Jess: I remember you once said that queer culture is supposed to be on the fringe and that you didn’t want it to become mainstream. It seems like you’ve changed your mind on that?
Guin: A lot of that has to do with Prop 8. I realized that there’s two perspectives to come from: the perspective of artists and then the perspective of the gay person living in the world. Although, while those two things can intersect, the reality is that the amount of hate….. I realized that I live in a bubble, basically. I used to think “queers should be on the fringe!” but there’s so much political work to be done and gay and lesbian media is a big part of that. We still have to create these positive images and convince one hateful person at a time that gay people are just like everybody else, good and bad. The whole Prop 8 thing was a real eye opener. To have election night be so amazing and then also so sad. At that moment I was like “ok, my goal is to make the most mainstream, very likeable romantic comedy that’s lesbian.” I mean, I want it to be a large budget, advertised just the way an Ashton Kutcher/Kristen Bell movie is. That’s my goal because seriously, that’s political.
Jess: Have you started writing that movie?
Guin: Yea, I started writing something and I’m also attached to direct a really mainstream romantic comedy that’s not lesbian. It’s a pretty classic story – boy meets girl - and it’s about a chick video game developer in a guy’s world. The script is great – it’s not just a boring formulaic romantic comedy. It’s really fresh with great dialogue – it was written by a first time screenwriter who currently writes for E-Online. I’m super excited because it’s being produced by Lynda Obst and she’s like the rom-com queen. She produced Sleepless in Seattle and How to Lose a Guy in 10 Days and she’s such a champion of women in film, she writes for the Atlantic Monthly and she’s just kind of the dream person to have producing your movie if it’s your first time doing a mainstream romantic comedy. That’s part of my game plan – get this movie made, prove that I can do big, mainstream stuff and then be like, “this is next. Now that I’ve proven myself, this is what I wanna do.” In the dream world you have all these famous actresses dying to get their street cred by playing lesbians in a big movie.
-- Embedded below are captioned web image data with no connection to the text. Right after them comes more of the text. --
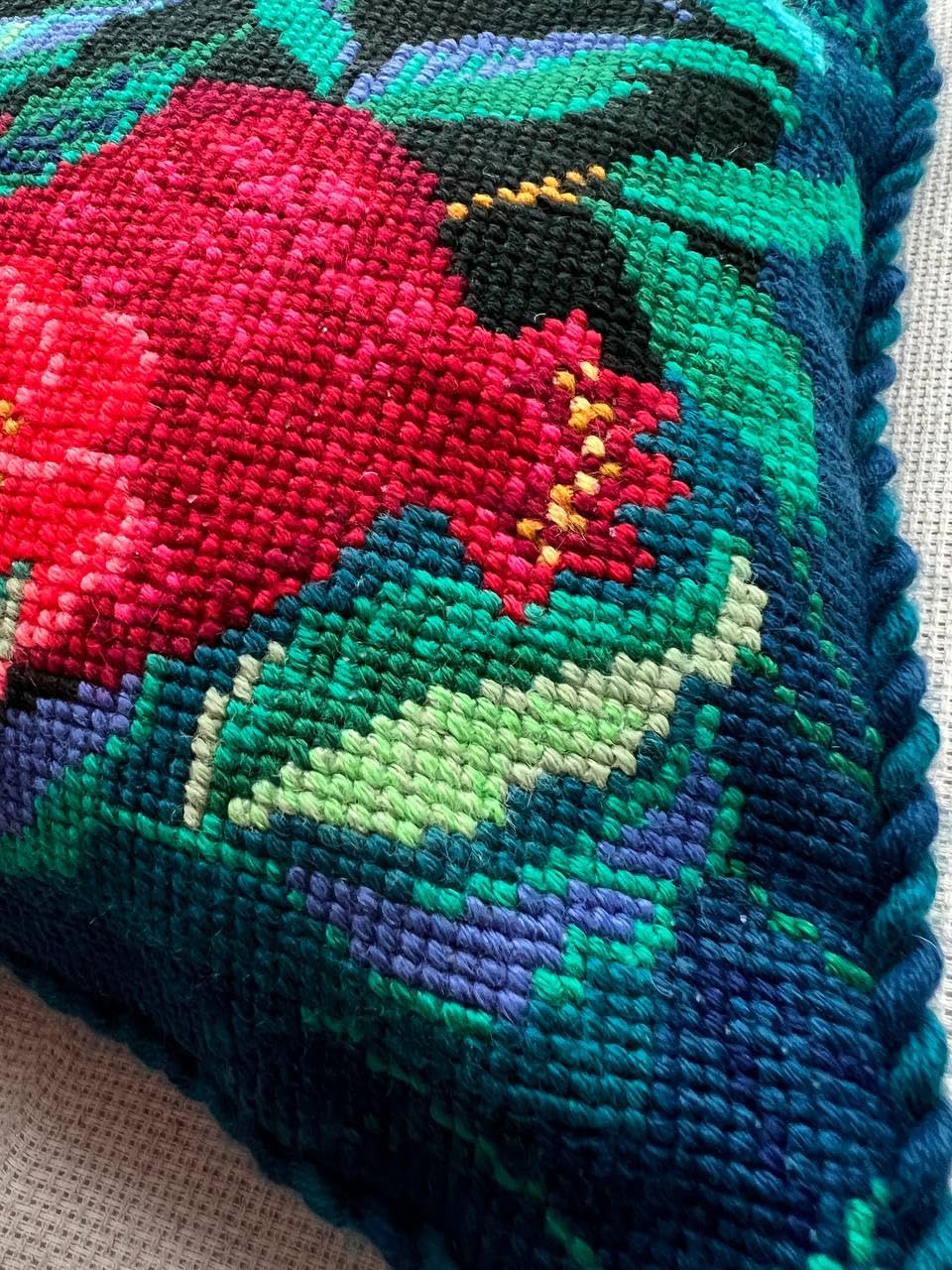 RIOLIS - Panel/poduszka Granat Ogród 2269, zestaw do haftu krzyżykowego, 38 cm x 38 cm, dla początkujących i zaawansowanych, zestaw do haftowania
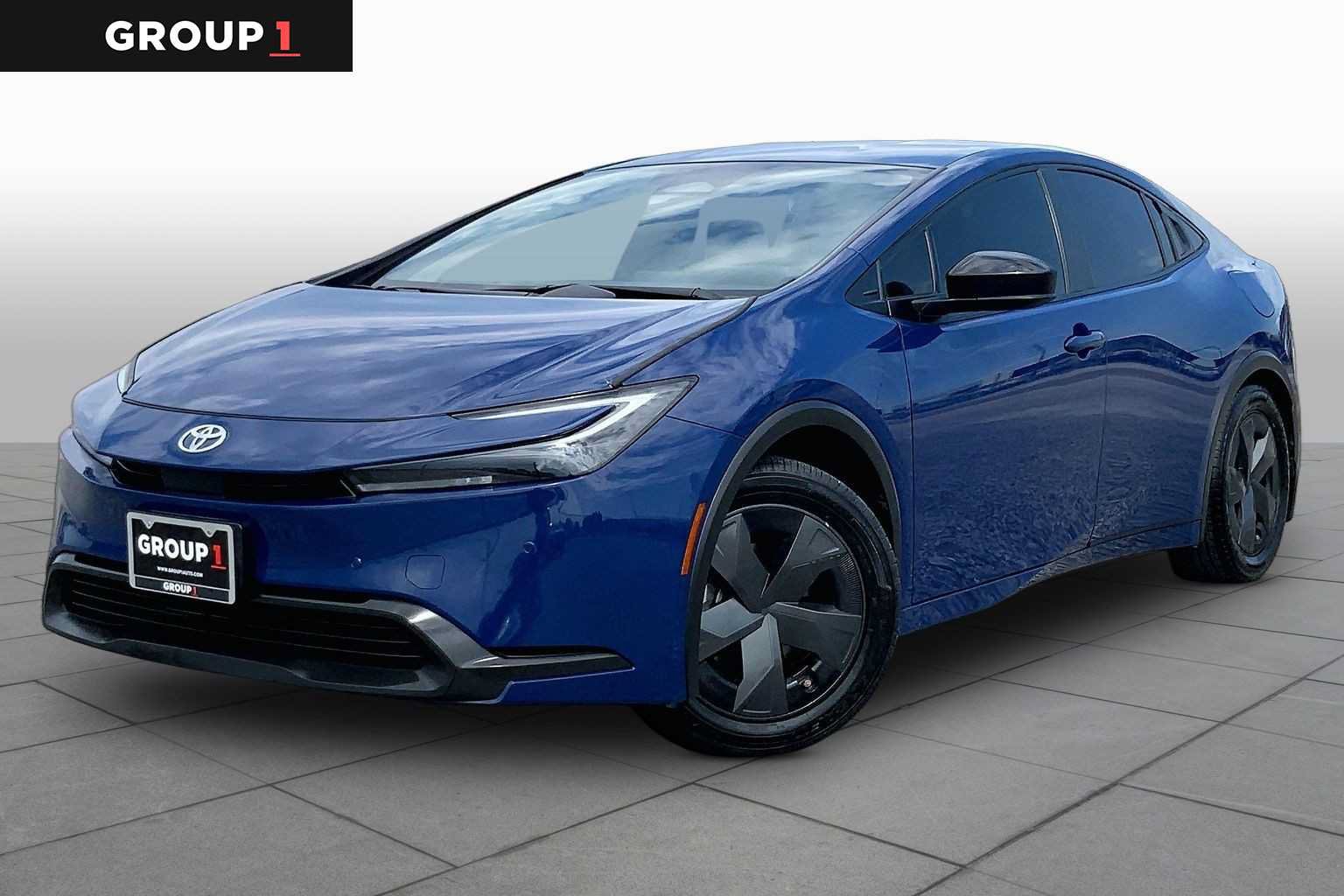 Used 2025 Toyota Prius LE FWD image 1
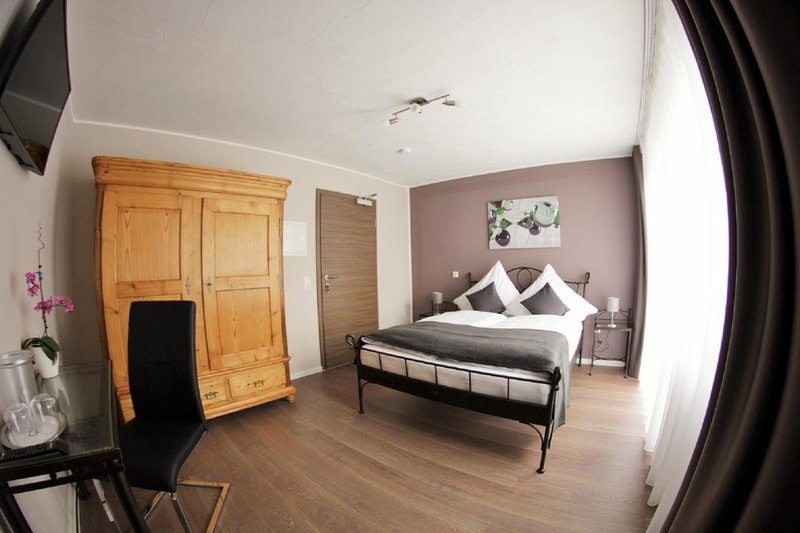 Apado-Hotel garni, Homburg, Germany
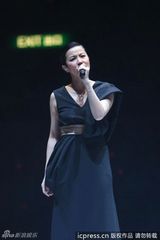 组图：黄伟文作品展开唱 陈奕迅拄拐演唱助阵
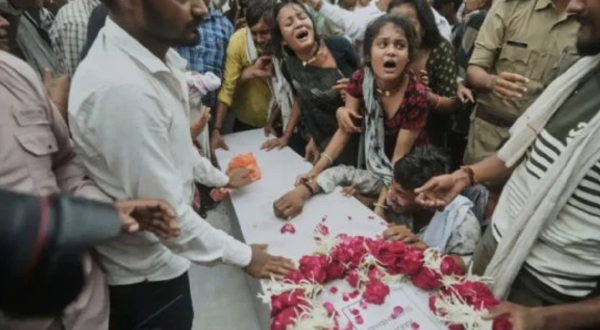 Analizan cajas negras para determinar la causa del accidente de Air India que mató a 270 personas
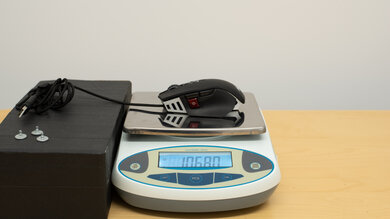 Corsair M65 RGB Elite Minimum Weight Picture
Jess: Anything else coming up aside from the directorial feature?
Guin: The feature film script I wrote, Breaking the Girl is finally supposed to start filming this fall with Jamie Babbit directing [But I'm A Cheerleader and director of every TV show ever]. I’m really happy with the script and I’m excited to work with Jamie again. It’s kind of a really fun thriller about sexuality and manipulation. It’s a total guilty pleasure movie, like Wild Things or Showgirls – trashy, big and over-the-top with tons of drama.